* RECORDED DATA:

====================

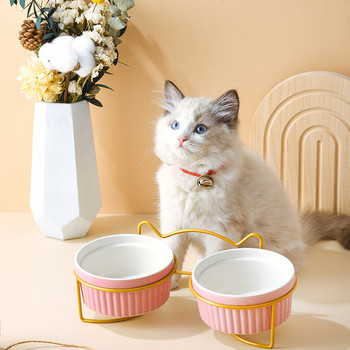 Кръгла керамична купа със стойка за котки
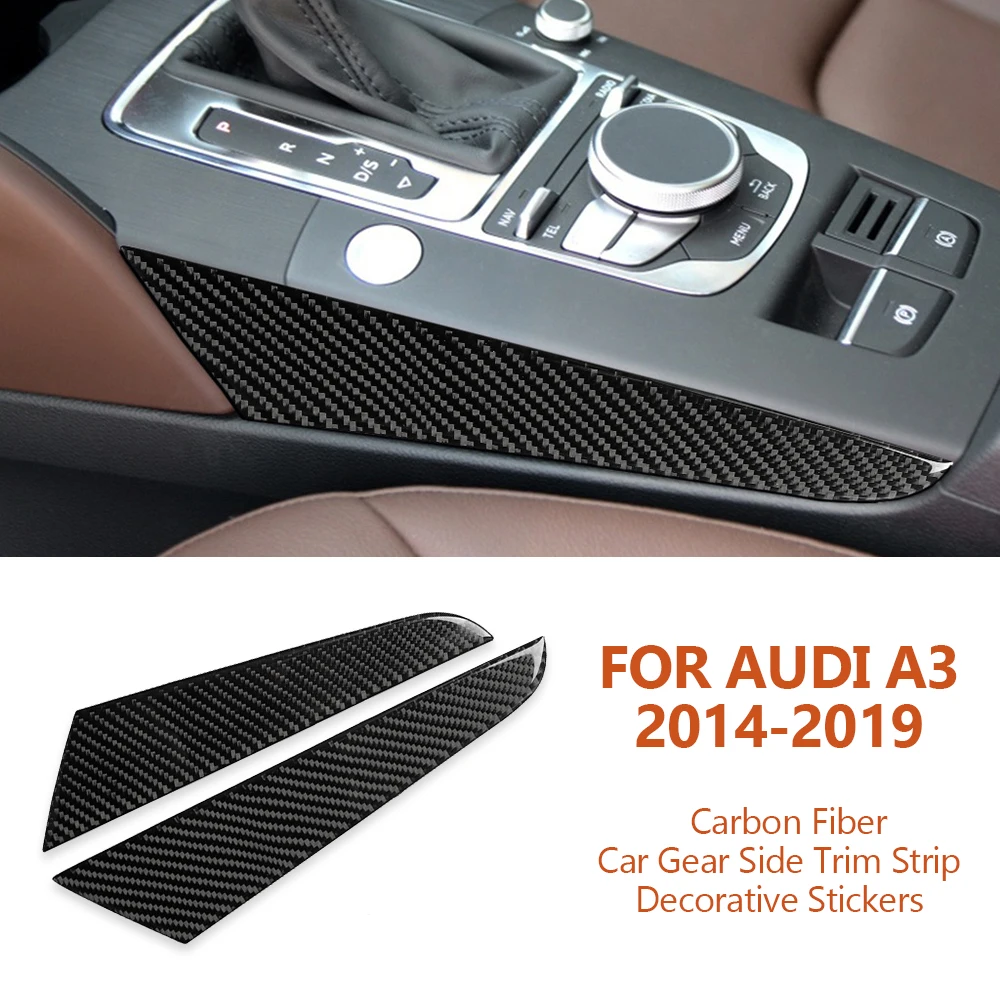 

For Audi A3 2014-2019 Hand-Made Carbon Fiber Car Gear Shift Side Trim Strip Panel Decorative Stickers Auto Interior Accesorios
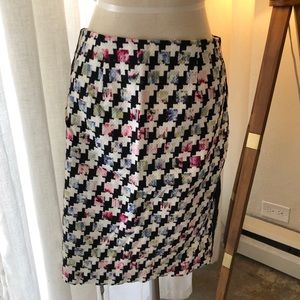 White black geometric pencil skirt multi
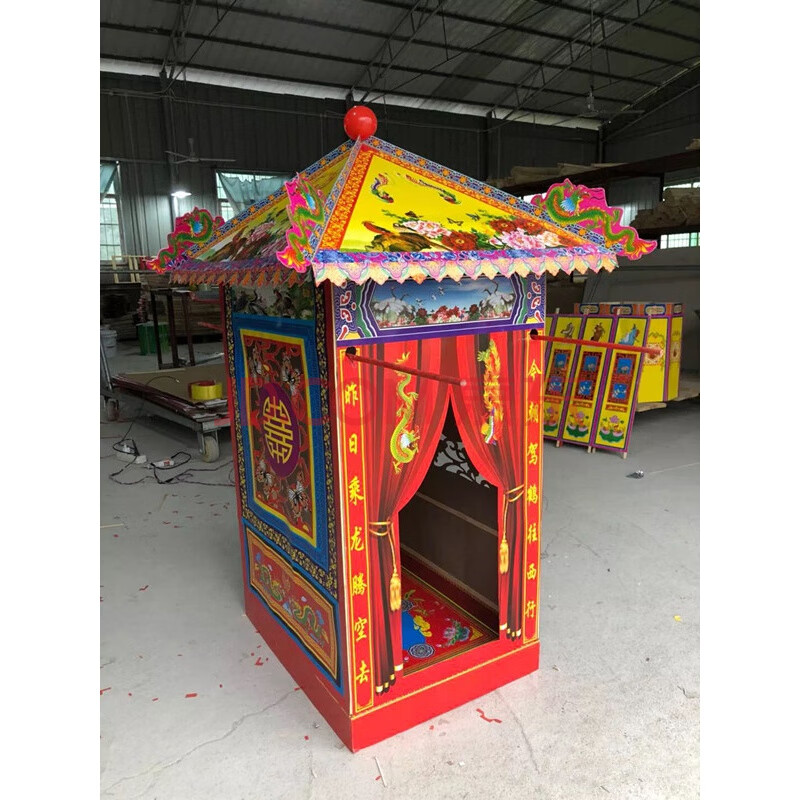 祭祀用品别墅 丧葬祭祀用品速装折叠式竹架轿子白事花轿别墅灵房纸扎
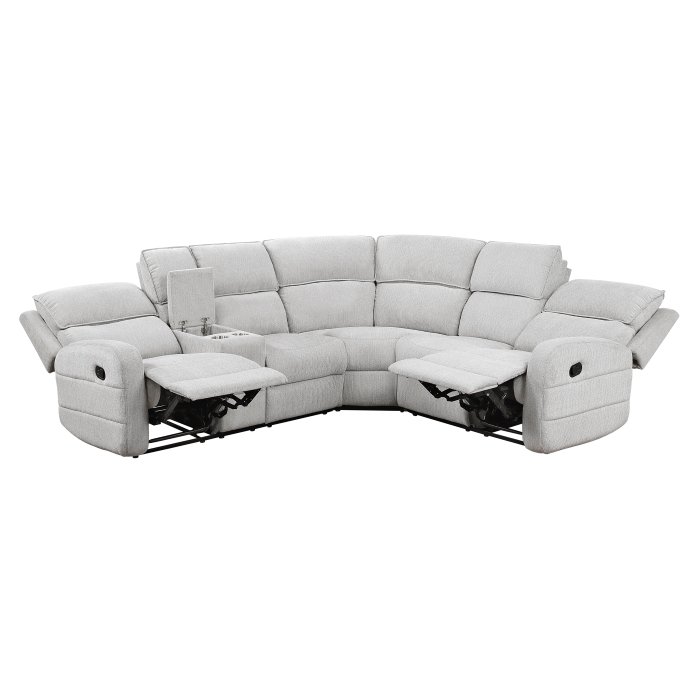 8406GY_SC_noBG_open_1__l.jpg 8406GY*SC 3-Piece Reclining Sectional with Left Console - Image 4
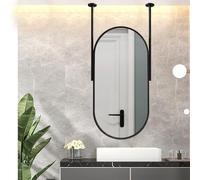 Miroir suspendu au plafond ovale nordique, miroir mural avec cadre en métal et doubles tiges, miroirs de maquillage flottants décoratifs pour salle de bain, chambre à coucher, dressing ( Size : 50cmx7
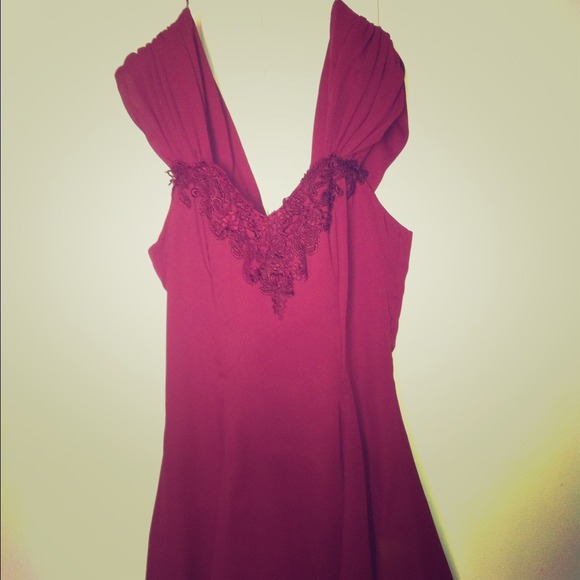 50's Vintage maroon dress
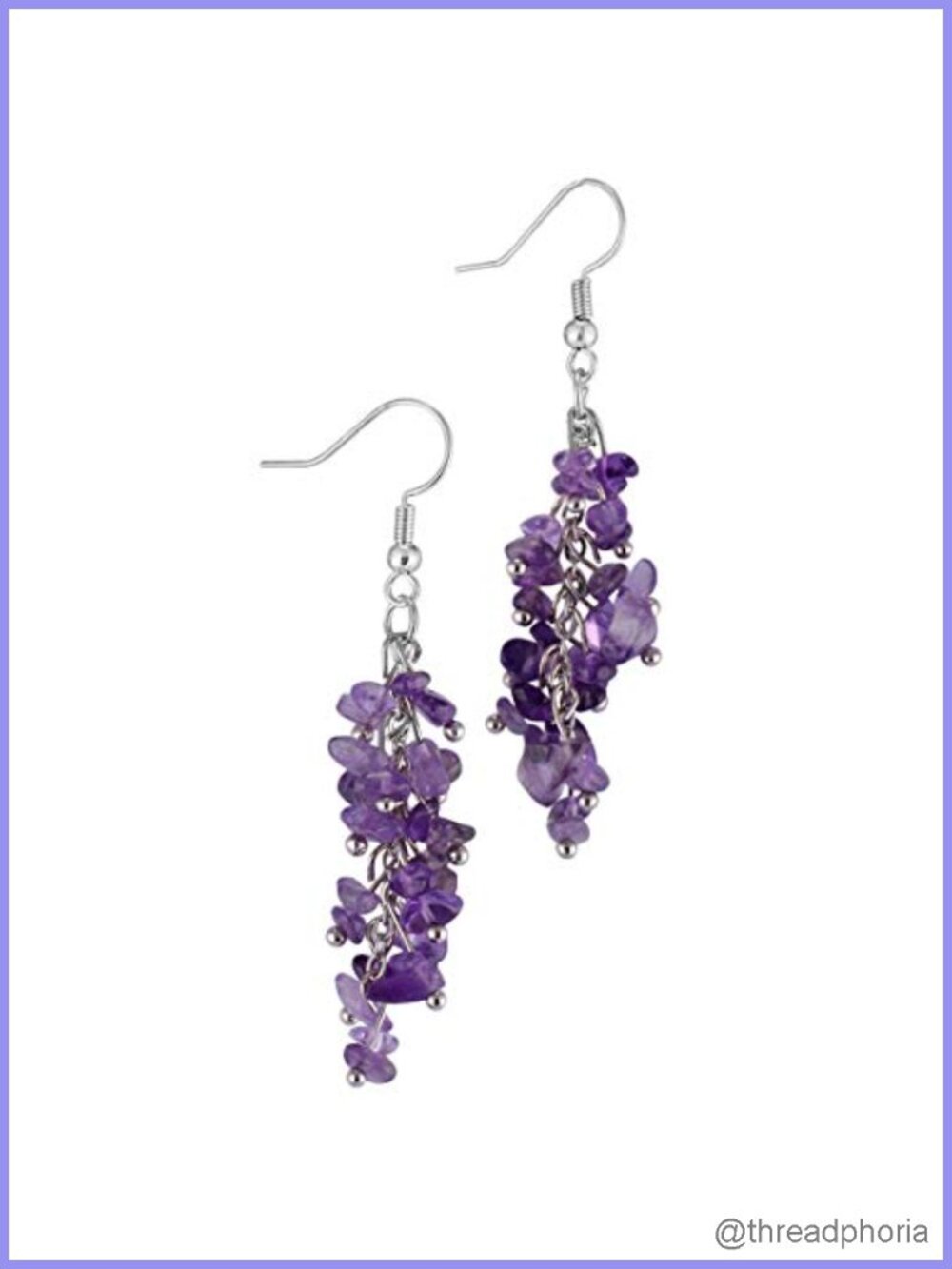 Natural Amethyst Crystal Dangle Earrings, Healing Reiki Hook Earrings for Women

====================

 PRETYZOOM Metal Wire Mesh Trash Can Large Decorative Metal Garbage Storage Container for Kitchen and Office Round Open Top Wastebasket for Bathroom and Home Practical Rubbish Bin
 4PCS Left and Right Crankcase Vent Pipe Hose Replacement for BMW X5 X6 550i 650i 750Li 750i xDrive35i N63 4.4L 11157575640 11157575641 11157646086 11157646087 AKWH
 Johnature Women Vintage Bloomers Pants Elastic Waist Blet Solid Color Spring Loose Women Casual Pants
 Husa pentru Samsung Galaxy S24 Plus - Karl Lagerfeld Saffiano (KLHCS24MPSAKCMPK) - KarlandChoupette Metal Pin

====================

* EXERCISE INSTRUCTIONS:
From the entries above, extract only the lines running from the one containing "PRETYZOOM Metal Wire" through the one containing "Husa pentru Samsung", inclusive.

* RESPONSE TO THIS EXERCISE:
 PRETYZOOM Metal Wire Mesh Trash Can Large Decorative Metal Garbage Storage Container for Kitchen and Office Round Open Top Wastebasket for Bathroom and Home Practical Rubbish Bin
 4PCS Left and Right Crankcase Vent Pipe Hose Replacement for BMW X5 X6 550i 650i 750Li 750i xDrive35i N63 4.4L 11157575640 11157575641 11157646086 11157646087 AKWH
 Johnature Women Vintage Bloomers Pants Elastic Waist Blet Solid Color Spring Loose Women Casual Pants
 Husa pentru Samsung Galaxy S24 Plus - Karl Lagerfeld Saffiano (KLHCS24MPSAKCMPK) - KarlandChoupette Metal Pin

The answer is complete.